"Di Kotagede itu, pemahaman saya, 'sithik iding' ada. Bagaimana dia dimakamkan di situ, warga juga melayat, juga ikut berperan mengantarkan jenazah tanpa membedakan asal-usul dan agama," bebernya.
Selanjutnya, untuk unsur 'tepo sliro' juga diwujudkan dalan prosesi pemakaman yang guyub, rukun, dan harmonis.
Ia pun menilai, bahwa kesepakatan warga itu baik untuk menjaga harmoni di masyarakat.
"Tapi sebagai pejabat pembina wilayah, harus bisa mengingatkan kalau ada aspek yang menyalahi aturan. Soal peraturan perundang-undangan, pembina wilayah yang lebih tahu."
"Peraturanr UU yg lebih tahu pembina wilayah. Sehingga jangan sampai begitu. Jangan sampai menumbuhkan prasangka intoleransi ataupun memojokan seseorang dalam kondisi tidak ada pilihan lain," bebernya.
Sultan meminta pada semua pihak, baik masyarakat maupun pembina wilayah, agar selalu berhati-hati di dalam melangkah.
Peristiwa ini, harapnya, dapat dijadikan perhatian sebagai pembelajaran bersama.
"Semua itu bukan didasari pada aspek intoleransi seperti yang disangkakan. Meskipun mungkin memotong salib dan sebagainya berasumsi intoleransi. Karena sebenarnya warga tidak berpikir ke situ," terangnya.
Sultan menuturkan, ia sebagai kepala daerah memiliki kewajiban menjaga Yogya agar selalu memiliki toleransi tinggi.
Menurutnya demokratisasi di Yogya tidak ada artinya kalau pada akhirnya terjadi intoleransi dengan dampak yang merugikan bagi kebersamaan.

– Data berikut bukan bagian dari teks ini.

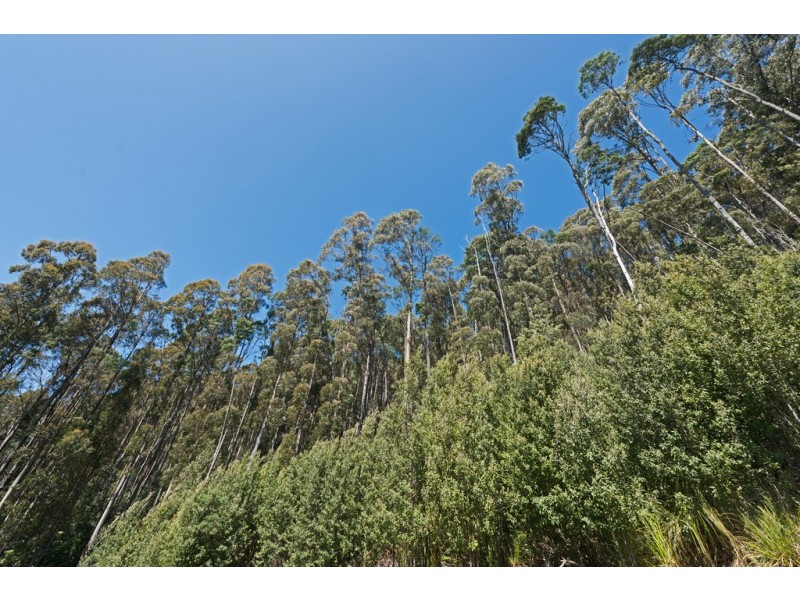 194 Devlyns Road, Birchs Bay TAS 7162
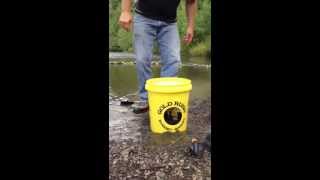 The Best Gold Panning Kit The Gold Rush Nugget Bucket [upl. by Anomis701]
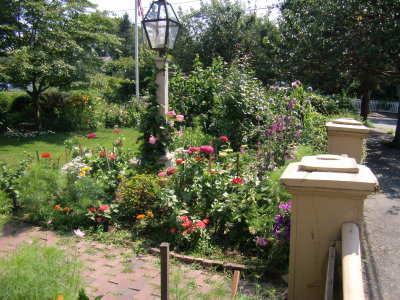 Marblehead flowers and views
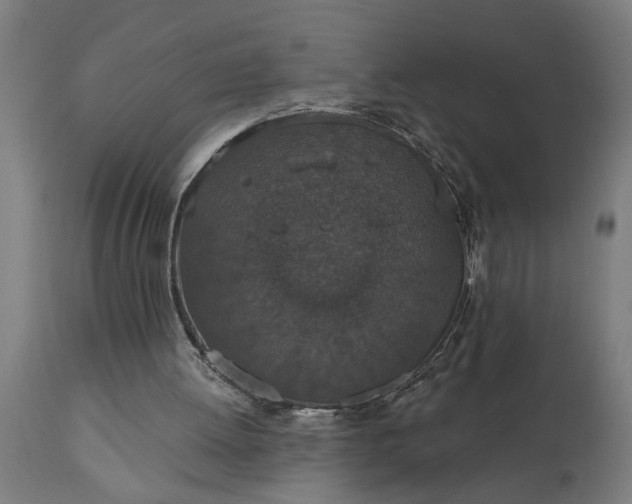 X0000111830052200907301330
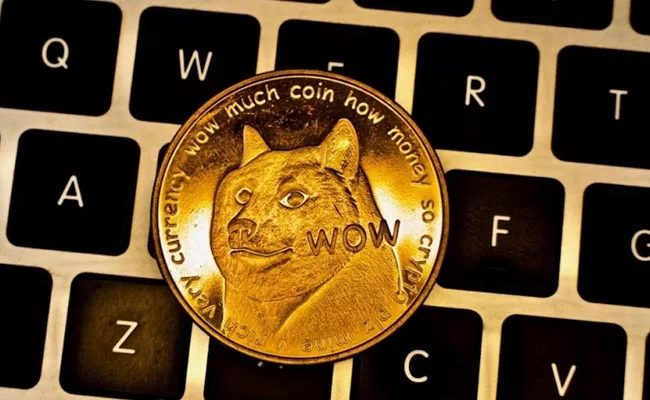 Dogecoin Explosion 1000 Percent after WallStreetBets Pump - Sakshi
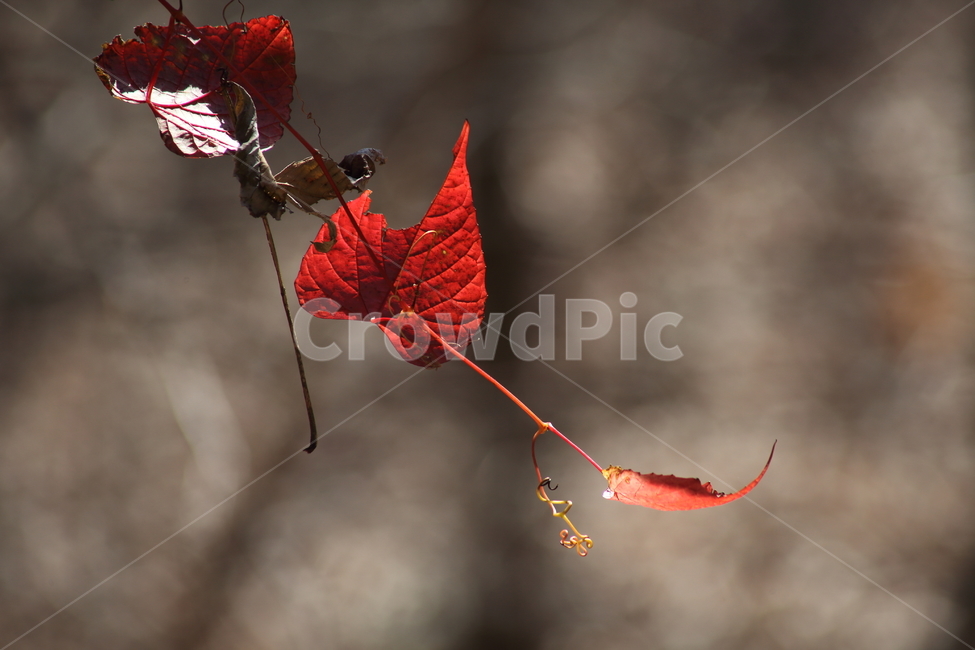 단풍,잎,식물,가을,redleaves,가을,계절,fall,autumn,season,leaf,plant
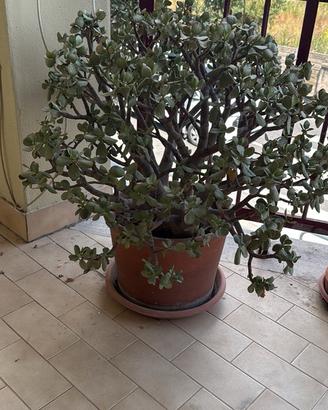 Crassula ovata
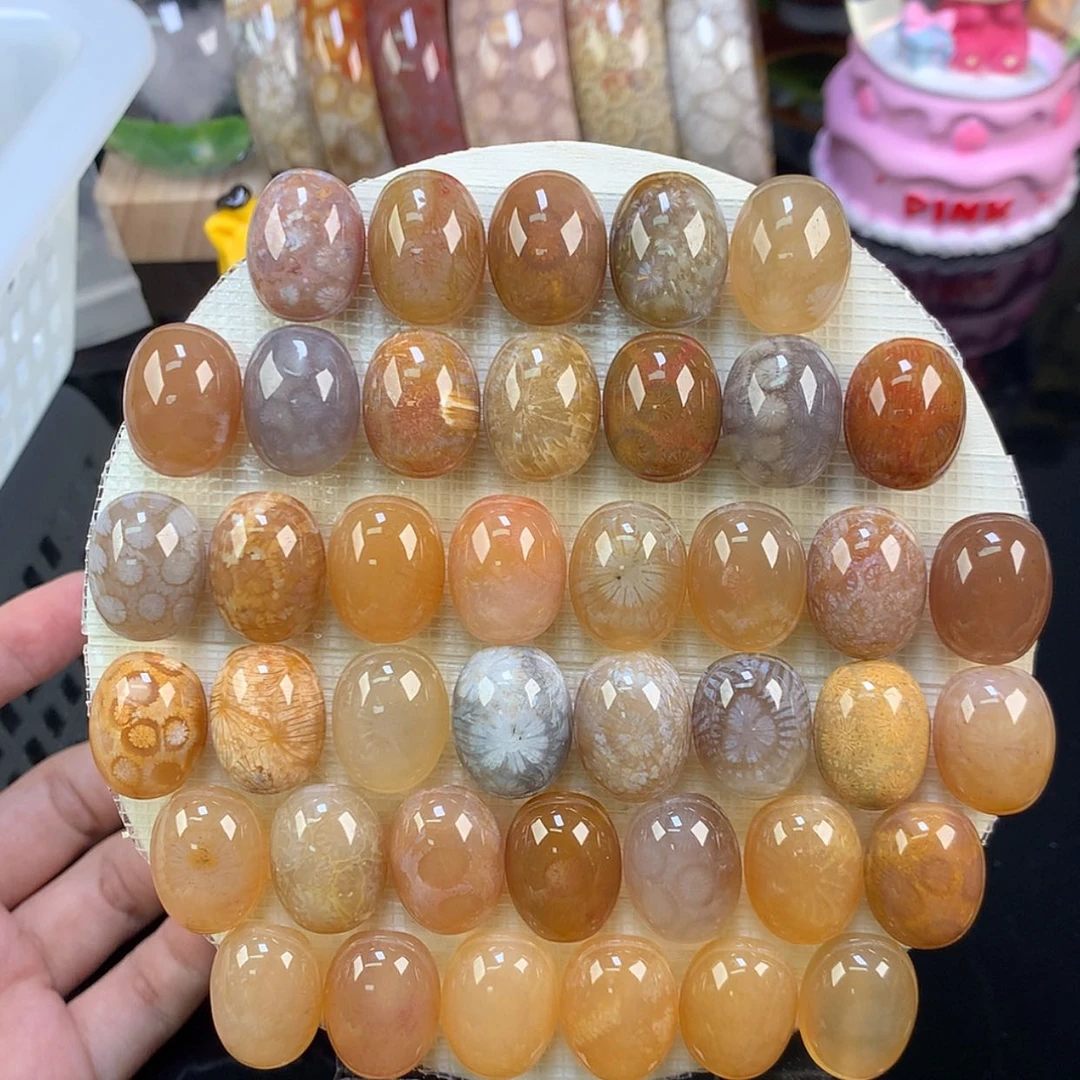 【闪购商品】颈饰未镶嵌硅化珊瑚（珊瑚玉）福利龟背50一个（58号）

"Saya menyampaikan permohonan maaf sebesar-besarnya atas kejadian ini. Ini pembelajaran bersama agar kita bisa menjaga toleransi, masyarakat tetap rukun, damai, dan juga merasa aman dan nyaman tinggal di Yogyakarta," tandasnya.
Wali Kota Yogyakarta Haryadi Suyuti bahwa situasi di lokasi pemakaman adem ayem dan tidak terjadi keributan apapun.
Kabar viral justru muncul sehari setelah prosesi pemakaman dilangsungkan.
"Konstruksi sosial di sana tidak ada masalah. Tapi di luar sana (netizen dan warga yang melihat kabar viral tersebut) yang tensinya tinggi," ujarnya.